If they can, I’d be most happy to see those scriptures. When we
talk about Christian unschooling, we are talking about a method
for imparting academics to our children. We are not talking about
discipline or training in righteousness. Rarely do we sit down with
a book and write study questions to teach our children to share.
As the need arises, we discuss sharing with our children, we quote
scripture about sharing, and when needed we offer correction and
discipline. Just as Jesus instructed his disciples, we follow God’s
command concerning His words to "teach them to your sons, talking
of them when you sit in your house and when you walk along the road
and when you lie down and when you rise up." Deut 11:19 In
my own home I have seen Jeanne do these things and can testify that
her children are well disciplined.
Unschooling
has a multitude of definitions with each practitioner coming up
with his own. The essential difference between secular unschoolers
and Christian unschoolers is their core goal. Christian unschoolers
desire to educate their children to the glory of God preparing them
to be the people that God has called them to be. Yes, they use a
different method for doing that than those who do not unschool,
but that doesn’t mean their method is inherently wrong. Could I
unschool? Probably not. It’s part of my nature to want to make lists
and mark off steps toward a goal. Just as I could not follow the
path of those who believe in delayed academics, despite the shining
example of a child who was homeschooled that way and is now in her
senior year of college.
I’m not sure
what kowtowing to pagan homeschoolers would involve. If making every
effort to meet their needs without compromising our Christian faith
is kowtowing, then we are guilty of that. When our family ministers
in India, we often provide free meals at campaigns because many
come from a distance and returning home to eat would be a burden.

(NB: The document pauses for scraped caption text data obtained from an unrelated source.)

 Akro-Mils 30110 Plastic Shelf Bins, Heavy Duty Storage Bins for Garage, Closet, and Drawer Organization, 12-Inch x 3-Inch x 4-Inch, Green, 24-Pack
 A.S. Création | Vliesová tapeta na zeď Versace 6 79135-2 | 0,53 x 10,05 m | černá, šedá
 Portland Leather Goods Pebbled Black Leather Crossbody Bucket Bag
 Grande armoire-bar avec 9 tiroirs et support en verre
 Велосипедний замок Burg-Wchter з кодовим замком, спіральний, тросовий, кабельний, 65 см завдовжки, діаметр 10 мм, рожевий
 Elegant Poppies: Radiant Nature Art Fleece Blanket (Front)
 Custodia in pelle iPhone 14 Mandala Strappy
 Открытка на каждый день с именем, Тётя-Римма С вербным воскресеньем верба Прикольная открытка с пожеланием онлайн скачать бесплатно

We don’t ask if they are Christian or Hindu. We feed them. If in
the course of a campaign they come to know Jesus as savior, we rejoice.
It is time that
all Christians become missionary minded in their own backyards.
By that I don’t mean that you need to start door to door evangelizing.
Missionaries are led to work with a particular people because God
puts in their hearts a deep love for those people. They live daily
surrounded by a different culture with different ways of doing things.
Even their Christian brothers and sisters will have sometimes very
different ways of doing things. Missionaries are not called to condemn,
but to minister the love of Christ.
Pray that you
may receive a deep love for those in this country who do not know
the Lord, that you may not have a spirit of fear or hatred towards
them. Pray that you may be able to minister the love of Christ.
In India, we are known for our acts of physical kindness to the
widow and the orphan. Long before we preach the message of salvation,
villagers see us feeding, clothing and educating those that are
cast off in their society. It’s a dramatic object lesson of the
love Christ has for them, for while they were yet sinners, Christ
died for them, as He did for us all.